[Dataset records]
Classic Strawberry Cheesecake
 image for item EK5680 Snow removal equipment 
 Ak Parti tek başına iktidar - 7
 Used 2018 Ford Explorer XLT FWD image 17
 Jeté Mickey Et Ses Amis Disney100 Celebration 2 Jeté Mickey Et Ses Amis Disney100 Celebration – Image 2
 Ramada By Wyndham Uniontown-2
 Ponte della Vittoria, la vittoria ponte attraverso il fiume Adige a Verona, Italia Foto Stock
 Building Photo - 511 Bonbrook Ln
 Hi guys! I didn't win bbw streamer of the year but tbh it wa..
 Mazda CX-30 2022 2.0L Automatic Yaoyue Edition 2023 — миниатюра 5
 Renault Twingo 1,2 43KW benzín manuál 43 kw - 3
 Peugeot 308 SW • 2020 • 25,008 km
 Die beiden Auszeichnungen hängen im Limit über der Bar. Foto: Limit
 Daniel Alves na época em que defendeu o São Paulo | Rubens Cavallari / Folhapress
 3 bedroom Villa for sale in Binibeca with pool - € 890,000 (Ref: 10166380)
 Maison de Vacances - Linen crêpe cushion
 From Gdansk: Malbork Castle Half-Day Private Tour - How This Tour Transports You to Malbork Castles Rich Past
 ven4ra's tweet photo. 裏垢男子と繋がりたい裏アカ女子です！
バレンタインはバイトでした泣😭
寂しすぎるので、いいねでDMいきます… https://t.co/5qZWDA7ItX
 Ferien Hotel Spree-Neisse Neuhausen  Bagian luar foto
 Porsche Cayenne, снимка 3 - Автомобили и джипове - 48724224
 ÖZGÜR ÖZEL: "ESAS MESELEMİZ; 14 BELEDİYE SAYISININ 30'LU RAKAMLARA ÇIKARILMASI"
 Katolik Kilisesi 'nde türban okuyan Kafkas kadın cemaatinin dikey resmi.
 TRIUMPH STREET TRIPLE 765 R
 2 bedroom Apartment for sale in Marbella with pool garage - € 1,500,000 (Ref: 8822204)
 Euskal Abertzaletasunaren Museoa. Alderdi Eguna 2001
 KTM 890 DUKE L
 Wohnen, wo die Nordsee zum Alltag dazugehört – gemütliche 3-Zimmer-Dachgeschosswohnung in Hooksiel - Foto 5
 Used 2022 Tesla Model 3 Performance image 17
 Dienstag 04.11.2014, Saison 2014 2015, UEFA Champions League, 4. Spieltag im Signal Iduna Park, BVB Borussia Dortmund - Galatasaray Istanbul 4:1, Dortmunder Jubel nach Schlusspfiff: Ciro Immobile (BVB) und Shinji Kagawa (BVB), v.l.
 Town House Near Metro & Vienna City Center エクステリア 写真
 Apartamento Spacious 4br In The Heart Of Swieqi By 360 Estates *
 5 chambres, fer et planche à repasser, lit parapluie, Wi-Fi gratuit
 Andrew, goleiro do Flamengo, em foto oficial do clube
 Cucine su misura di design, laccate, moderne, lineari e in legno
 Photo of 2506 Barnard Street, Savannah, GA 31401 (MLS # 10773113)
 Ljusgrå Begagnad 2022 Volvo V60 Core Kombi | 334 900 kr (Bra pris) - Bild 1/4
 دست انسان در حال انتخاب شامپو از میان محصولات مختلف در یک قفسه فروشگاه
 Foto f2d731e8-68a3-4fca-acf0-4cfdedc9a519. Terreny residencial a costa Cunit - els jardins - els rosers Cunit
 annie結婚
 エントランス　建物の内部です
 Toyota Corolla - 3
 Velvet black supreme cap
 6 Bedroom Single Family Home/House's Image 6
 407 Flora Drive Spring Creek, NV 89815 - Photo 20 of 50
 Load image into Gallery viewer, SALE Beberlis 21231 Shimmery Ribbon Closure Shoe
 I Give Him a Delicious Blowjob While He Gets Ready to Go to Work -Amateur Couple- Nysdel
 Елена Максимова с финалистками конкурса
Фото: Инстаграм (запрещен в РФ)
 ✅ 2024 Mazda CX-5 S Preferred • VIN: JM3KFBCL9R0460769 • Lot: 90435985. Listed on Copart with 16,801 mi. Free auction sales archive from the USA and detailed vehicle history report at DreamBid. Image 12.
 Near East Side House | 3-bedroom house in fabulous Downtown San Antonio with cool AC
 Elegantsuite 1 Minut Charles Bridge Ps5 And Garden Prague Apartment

*WHAT YOU NEED TO DO:*
Return only the lines running from the line with "5 chambres, fer" to the last line of the records, both included, exactly as written.

*YOUR SOLUTION:*
 5 chambres, fer et planche à repasser, lit parapluie, Wi-Fi gratuit
 Andrew, goleiro do Flamengo, em foto oficial do clube
 Cucine su misura di design, laccate, moderne, lineari e in legno
 Photo of 2506 Barnard Street, Savannah, GA 31401 (MLS # 10773113)
 Ljusgrå Begagnad 2022 Volvo V60 Core Kombi | 334 900 kr (Bra pris) - Bild 1/4
 دست انسان در حال انتخاب شامپو از میان محصولات مختلف در یک قفسه فروشگاه
 Foto f2d731e8-68a3-4fca-acf0-4cfdedc9a519. Terreny residencial a costa Cunit - els jardins - els rosers Cunit
 annie結婚
 エントランス　建物の内部です
 Toyota Corolla - 3
 Velvet black supreme cap
 6 Bedroom Single Family Home/House's Image 6
 407 Flora Drive Spring Creek, NV 89815 - Photo 20 of 50
 Load image into Gallery viewer, SALE Beberlis 21231 Shimmery Ribbon Closure Shoe
 I Give Him a Delicious Blowjob While He Gets Ready to Go to Work -Amateur Couple- Nysdel
 Елена Максимова с финалистками конкурса
Фото: Инстаграм (запрещен в РФ)
 ✅ 2024 Mazda CX-5 S Preferred • VIN: JM3KFBCL9R0460769 • Lot: 90435985. Listed on Copart with 16,801 mi. Free auction sales archive from the USA and detailed vehicle history report at DreamBid. Image 12.
 Near East Side House | 3-bedroom house in fabulous Downtown San Antonio with cool AC
 Elegantsuite 1 Minut Charles Bridge Ps5 And Garden Prague Apartment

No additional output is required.